Problem details: What is needed is a word-for-word copy of the listing below, without pictures.

====== Data shown ======

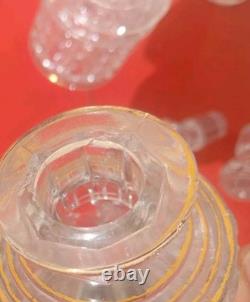 Baccarat cristal ensemble ancien Diamants Pierreries lot flacons verre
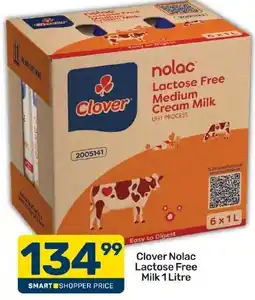 Pick n Pay Hypermarket Clover Nolac Lactose Free Medium Cream Milk offer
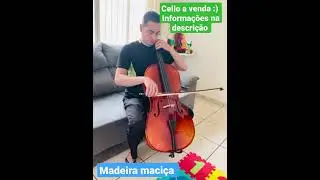 Violoncelo Pearl a venda de maneira maci&ccedil;a Tocando escala de D&oacute; Maior 4 oitavas e trecho do Bach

======

Answer to the problem:
 Baccarat cristal ensemble ancien Diamants Pierreries lot flacons verre
 Pick n Pay Hypermarket Clover Nolac Lactose Free Medium Cream Milk offer
 Violoncelo Pearl a venda de maneira maci&ccedil;a Tocando escala de D&oacute; Maior 4 oitavas e trecho do Bach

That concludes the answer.